Black mark for flawed travel alert system

PUBLISHED : Wednesday, 16 March, 2011, 12:00am
UPDATED : Wednesday, 16 March, 2011, 12:00am

What does it take for the government to warn against travel to a particular country? Japan has an overheated nuclear reactor from which dangerous levels of radioactive material have been released, a record earthquake with powerful aftershocks and the possibility of more to come, as well as a devastating tsunami. But our 'severe threat' black alert is in effect only for Fukushima, the area that has been directly affected, and three other prefectures. In the same category is the entire Philippines, where a gunman killed tourists half a year ago, and Egypt, where protests last month toppled a dictator. It is not entirely clear what the government means by its categorisation of these countries, but it is clear what it is not doing - helping prevent risk to life and limb.

Japan has been put in the second category of red alert, 'significant threat', which means avoiding non-essential travel. It has got Bahrain, Lebanon and Tunisia, nations experiencing political uncertainty, for company. Risk assessment is not a precise science, but it uses knowledge, understanding and common sense as a basis. Whatever the Security Bureau is using to come up with these various determinations, it does not seem to be working.
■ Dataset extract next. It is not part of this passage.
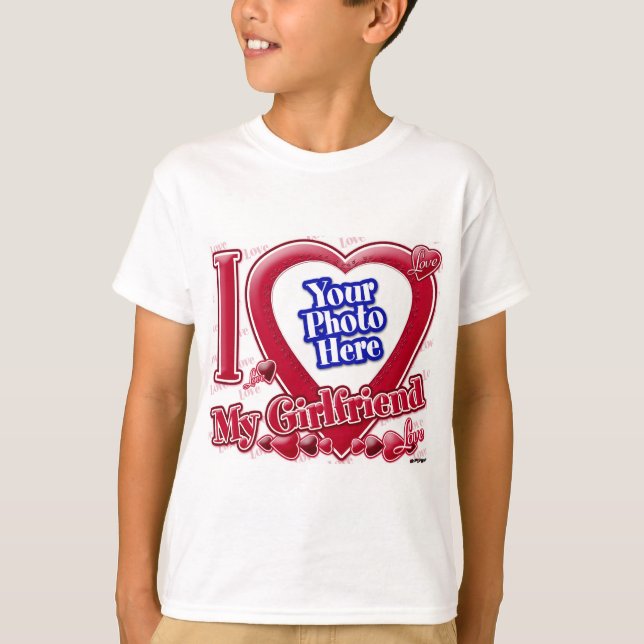 I Love My Girlfriend red heart - photo T-Shirt (Front)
The world has little experience of nuclear reactors gone awry and only a limited grasp of earthquake prediction. What is known, though, is that all of Japan lies on a fault line and aftershocks, big and small, are certain along any part after a major quake. The highest alert should have been issued as soon as word of last Friday's disaster was known. That it was not has put lives at risk. Unless there is a black alert, refunds on tours and travel are not mandatory. Financial concerns are as a result being put ahead of safety as people go ahead with plans. Raising the alert to black days after the quake does not restore confidence in the system. The keeping in place of the alert against the Philippines eroded faith; it is there not because of a pervasive threat, but it seems more because of dissatisfaction with the Philippine government's handling of the shooting. Until it is reflective of true circumstances, it is of limited worth.